[Work to complete] Since pictures are not wanted in the copy, output only the rest of each record exactly.

(Image-caption web data)

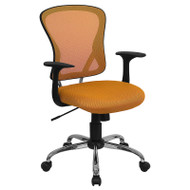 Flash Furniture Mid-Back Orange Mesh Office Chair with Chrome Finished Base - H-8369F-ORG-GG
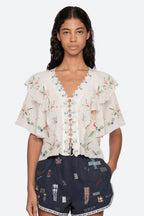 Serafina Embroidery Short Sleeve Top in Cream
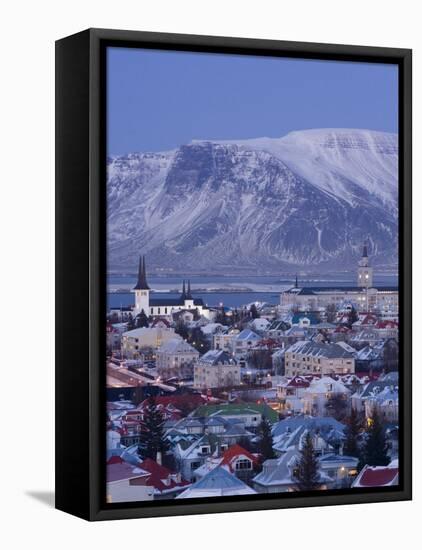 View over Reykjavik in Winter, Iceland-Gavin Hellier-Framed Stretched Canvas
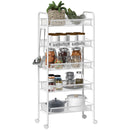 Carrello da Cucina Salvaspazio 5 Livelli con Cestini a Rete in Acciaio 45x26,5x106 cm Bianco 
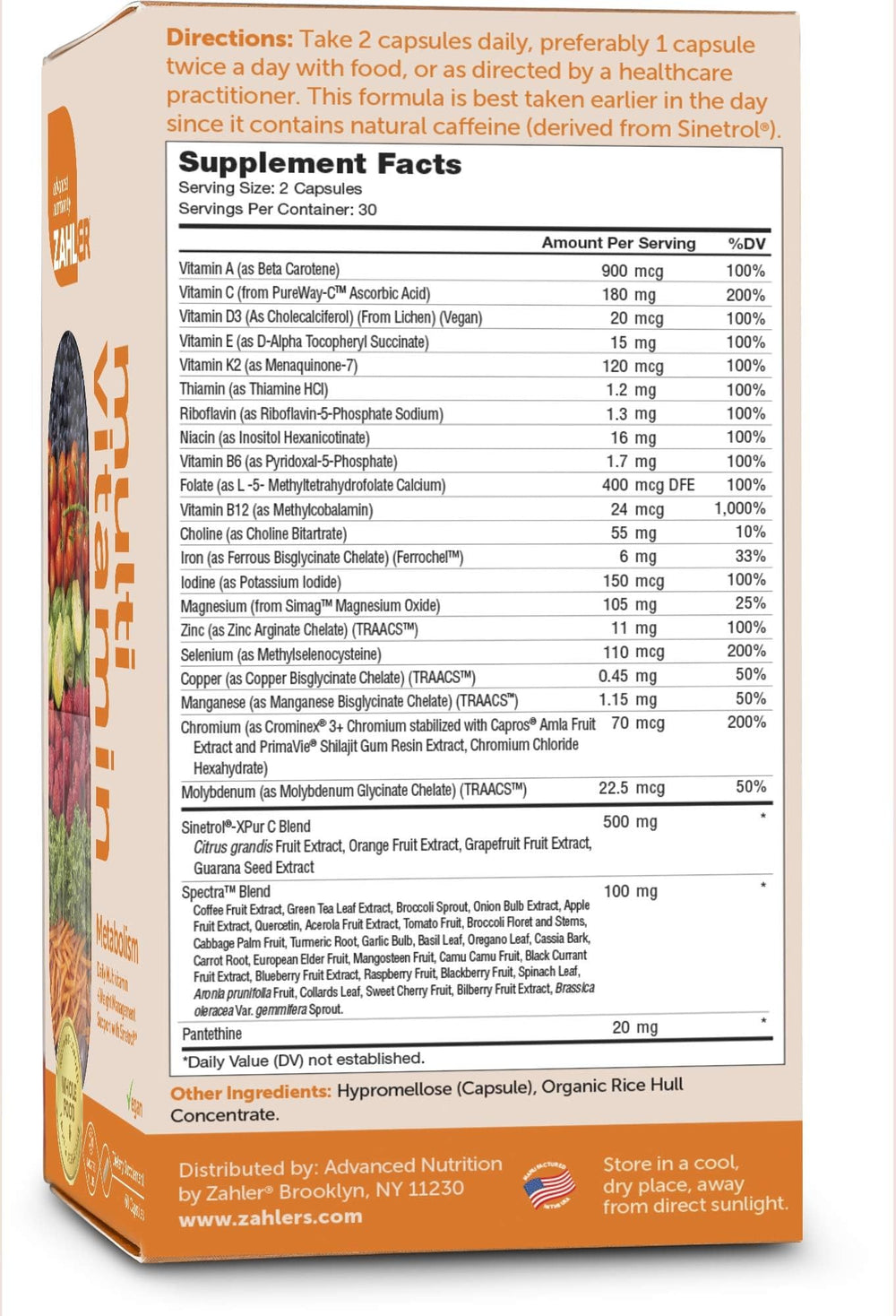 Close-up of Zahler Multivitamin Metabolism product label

[Answer space]
 Flash Furniture Mid-Back Orange Mesh Office Chair with Chrome Finished Base - H-8369F-ORG-GG
 Serafina Embroidery Short Sleeve Top in Cream
 View over Reykjavik in Winter, Iceland-Gavin Hellier-Framed Stretched Canvas
 Carrello da Cucina Salvaspazio 5 Livelli con Cestini a Rete in Acciaio 45x26,5x106 cm Bianco 
 Close-up of Zahler Multivitamin Metabolism product label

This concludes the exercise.